Die Genehmigung ist weder formell noch materiell rechtswidrig." Der zehnte Senat des VGH Baden-Württemberg hat die Klage von vier Bürgern aus der Nähe des Atomkraftwerks Obrigheim gegen die zweite Stilllegungs- und Abrissgenehmigung (SAG) abgelehnt. Eine erneute Umweltverträglichkeitsprüfung sei vor der zweiten Teilgenehmigung ebenso wenig erforderlich gewesen wie die neuerliche förmliche Beteiligung der Öffentlichkeit. "Das Gesamtvorhaben war im Sicherheitsbericht zur ersten SAG umfassend beschrieben", so der Vorsitzende Richter.

Wenn dieses Verfahren das Muster für die Vorgehensweise an anderen Standorten - wie etwa beim Abriss der Atomkraftwerksblöcke A und B in Biblis - bilden sollte, dann ist höchste Wachsamkeit geboten.

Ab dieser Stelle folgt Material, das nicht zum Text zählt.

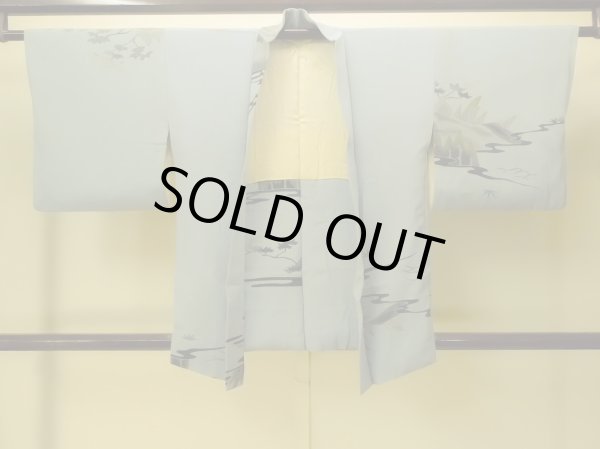 Photo2: P0123Q Vintage Japanese kimono Grayish Light Blue HAORI short jacket for women / Silk. Tall grass (Grade C) (2)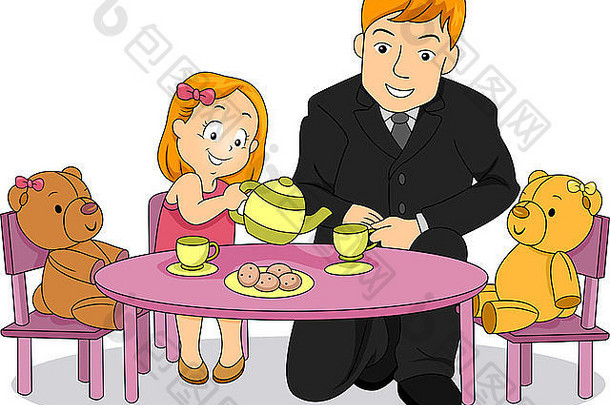 插图孩子女孩玩茶聚会，派对父亲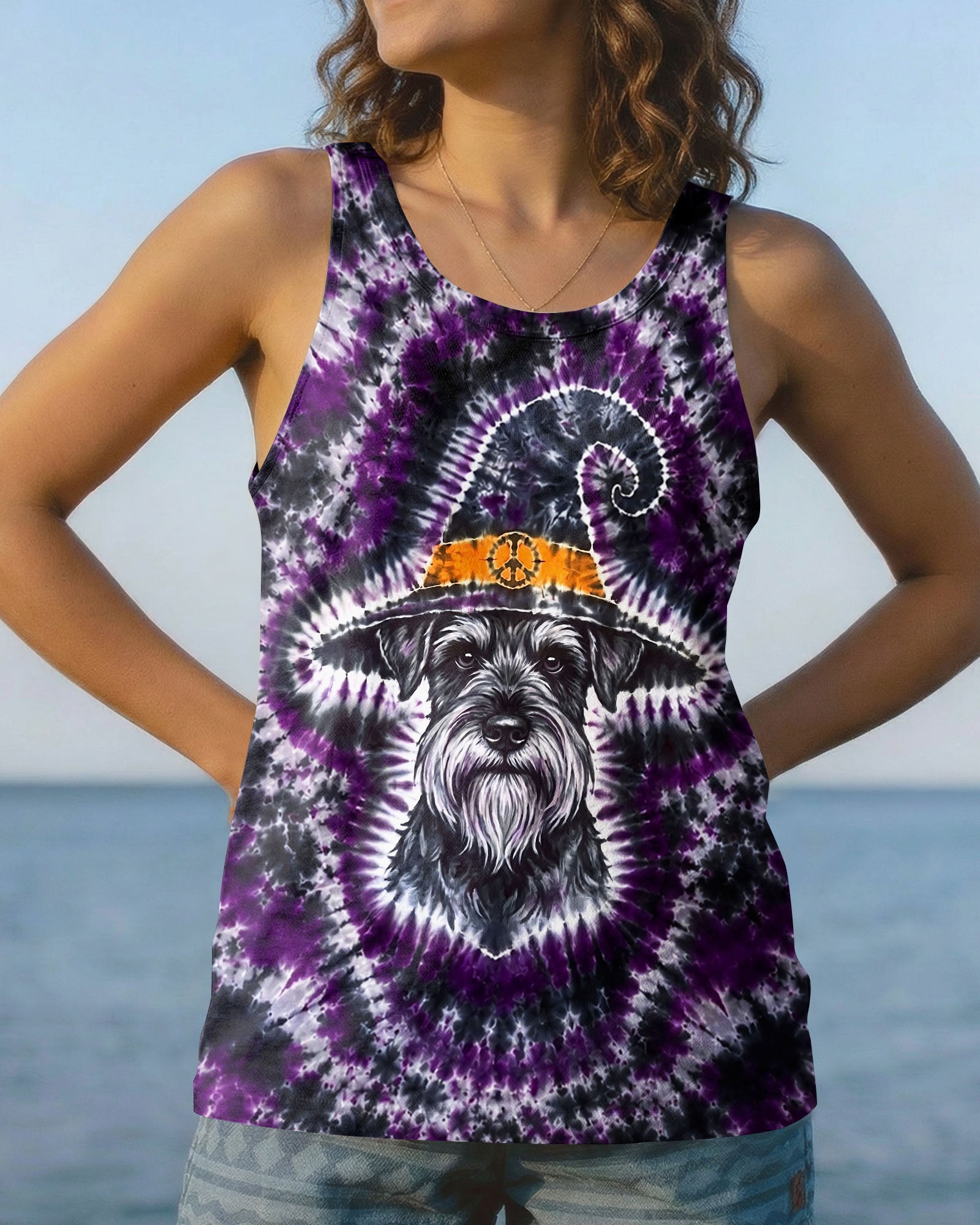 SCHNAUZER DOG WITCH HALLOWEEN BURST PATTERN ALL OVER PRINT - TLTW2107264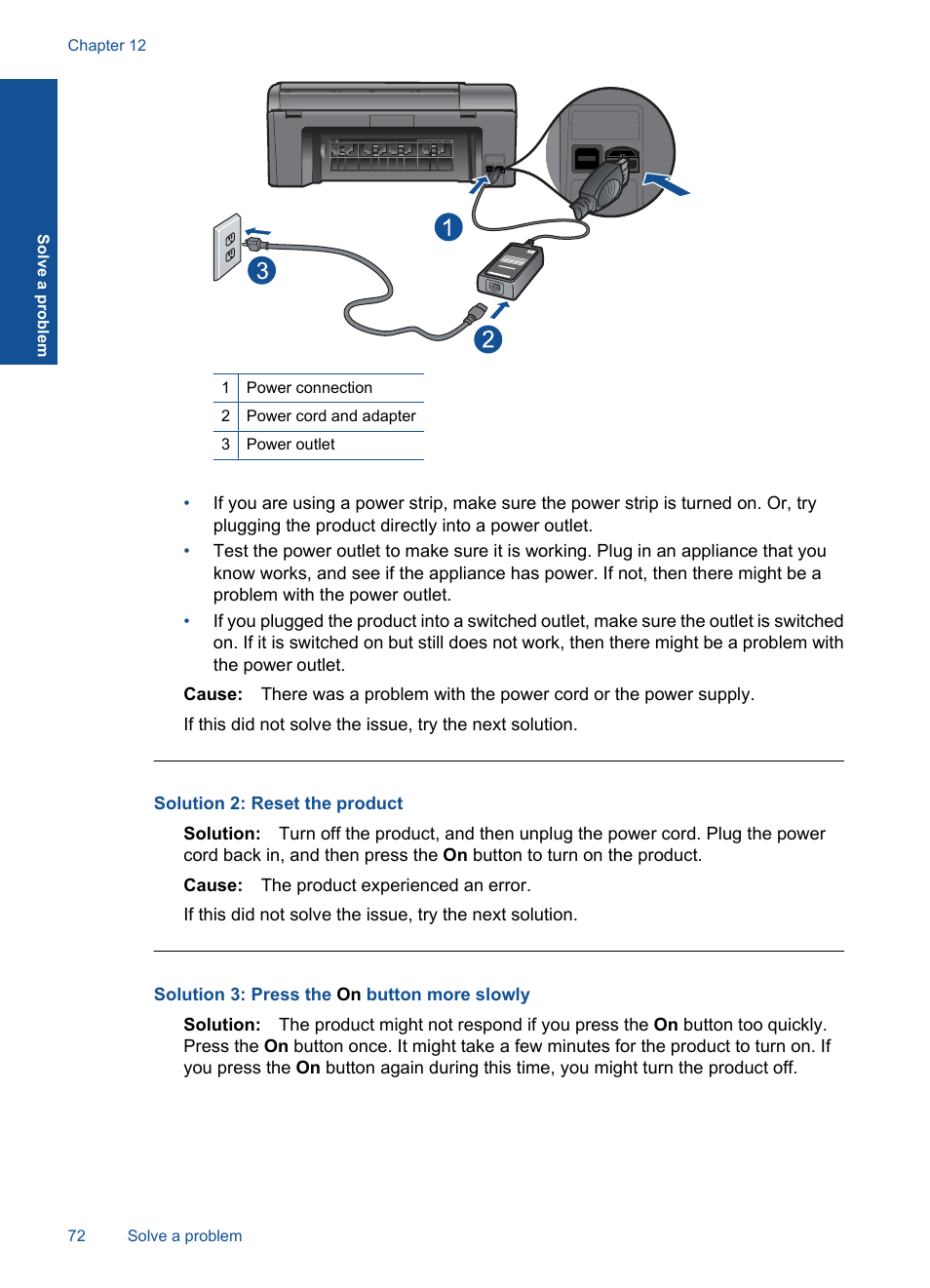 Solution 2: reset the product, Solution 3: press the on button more slowly | HP PHOTOSMART PLUS B209 User Manual | Page 75 / 135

Die Aussage des Anwalts des baden-württembergischen Umweltministeriums, die vier Kläger hätten den richtigen Zeitpunkt verpasst, kann nur als zynisch bezeichnet werden.

Dass es auch einem "grün" geführten Umweltministerium letztlich nur um einen möglichst geräusch- und reibungslosen Rückbau geht, macht der Umgang mit dem auf Basis des 10-Mikro-Sievert-Konzepts "freigemessenen" Materials aus Obrigheim deutlich. Das baden-württembergische Umweltministerium beharrt auf Deponierung in Buchen (Neckar-Odenwaldkreis), obwohl sich die Bürgerinnen und Bürger dort dagegen zur Wehr setzen. Und zwar völlig zu Recht, denn auch das "freigemessene" und "freigegebene" Material ist radioaktiv belastet und stellt ein Risiko dar, auch wenn ein Vertreter des einstmals atomkritischen Öko-Instituts in Darmstadt dies in seinem Beitrag zur "Freimessung" beim jüngsten Infoforum in Biblis in Abrede gestellt hat.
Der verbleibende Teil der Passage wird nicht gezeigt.